PROVIDED RECORDS —
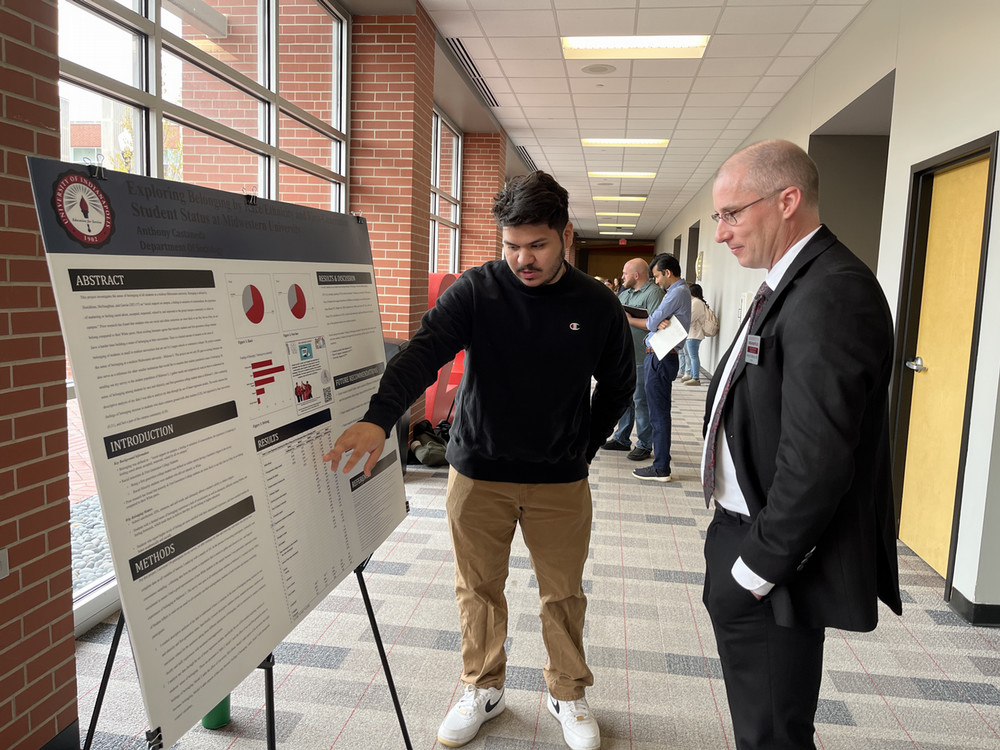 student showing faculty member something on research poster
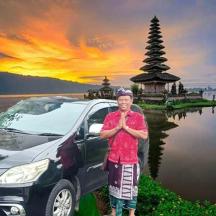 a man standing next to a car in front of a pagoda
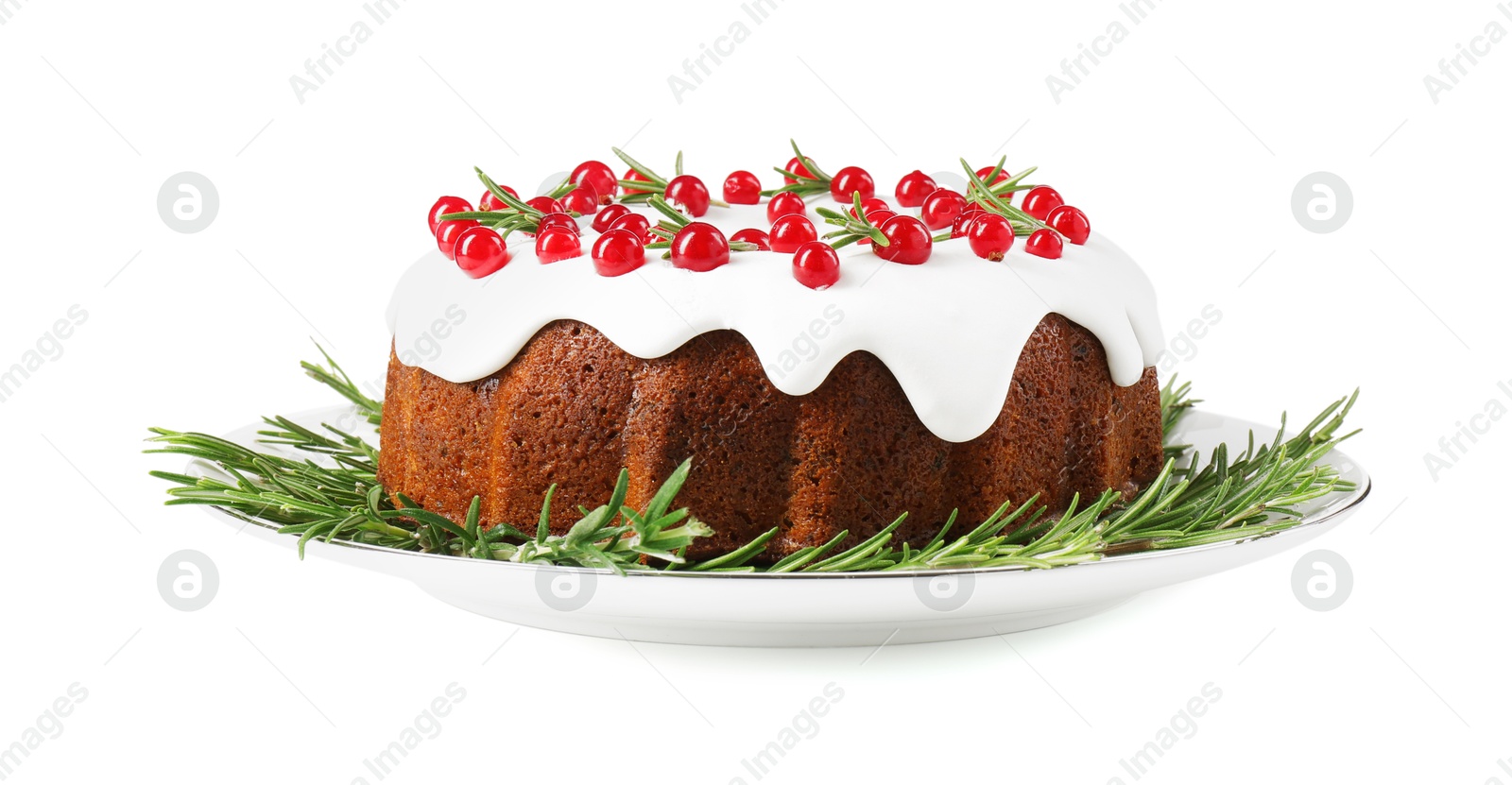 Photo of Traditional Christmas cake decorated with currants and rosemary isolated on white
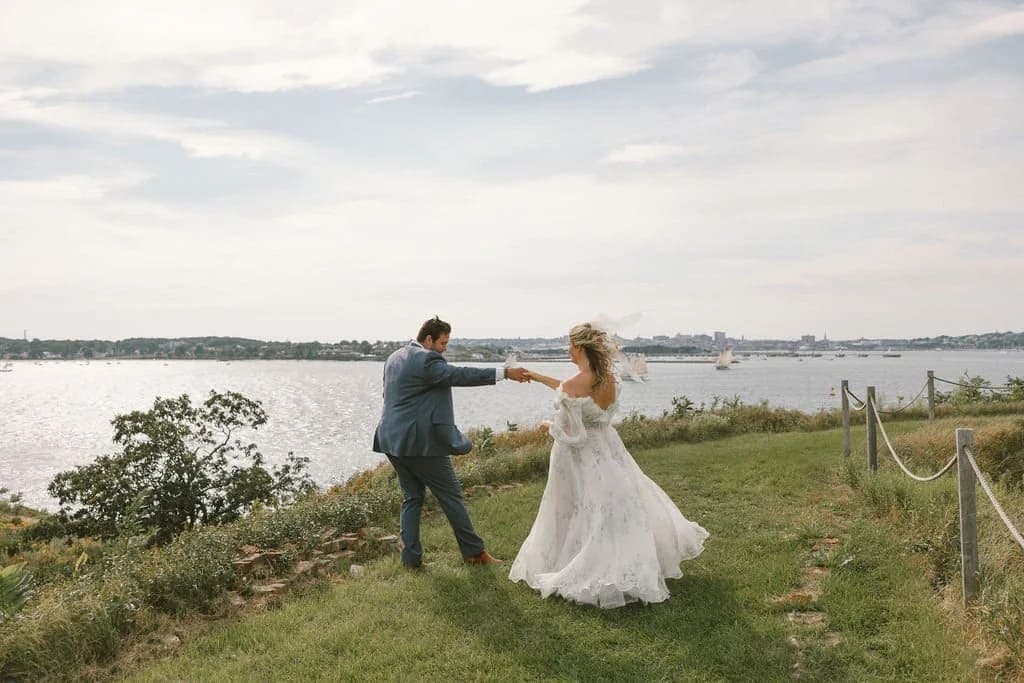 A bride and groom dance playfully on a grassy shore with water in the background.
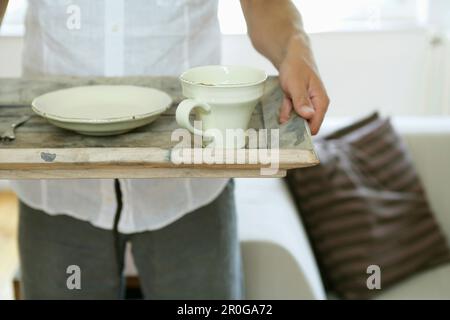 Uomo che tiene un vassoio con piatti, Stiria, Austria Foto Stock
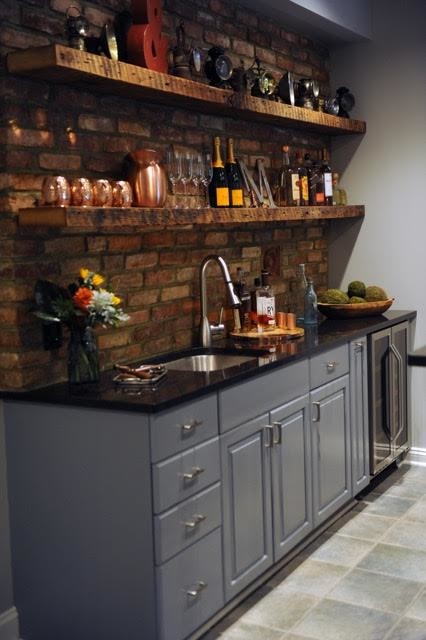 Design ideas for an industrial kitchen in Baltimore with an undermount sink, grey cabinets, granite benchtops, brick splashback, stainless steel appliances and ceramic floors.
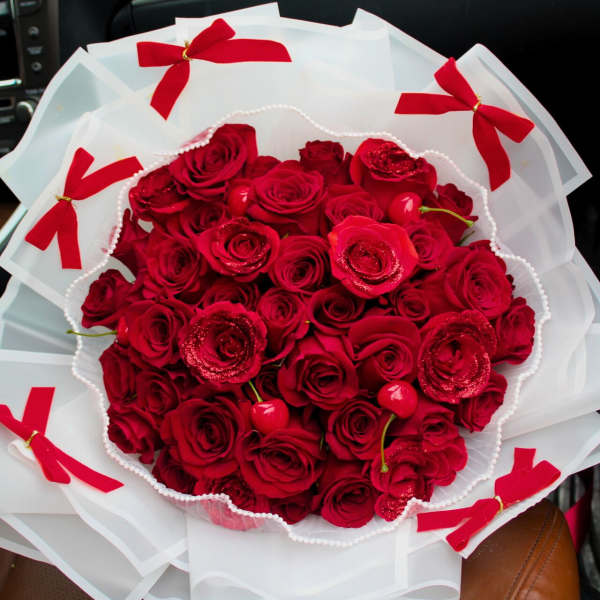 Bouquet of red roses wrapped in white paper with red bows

WORK TO COMPLETE —
When the line containing "A bride and" is reached, write out that line and each one after it exactly, ending with the last line of the records; pictures are not copied.

YOUR SOLUTION —
 A bride and groom dance playfully on a grassy shore with water in the background.
 Uomo che tiene un vassoio con piatti, Stiria, Austria Foto Stock
 Design ideas for an industrial kitchen in Baltimore with an undermount sink, grey cabinets, granite benchtops, brick splashback, stainless steel appliances and ceramic floors.
 Bouquet of red roses wrapped in white paper with red bows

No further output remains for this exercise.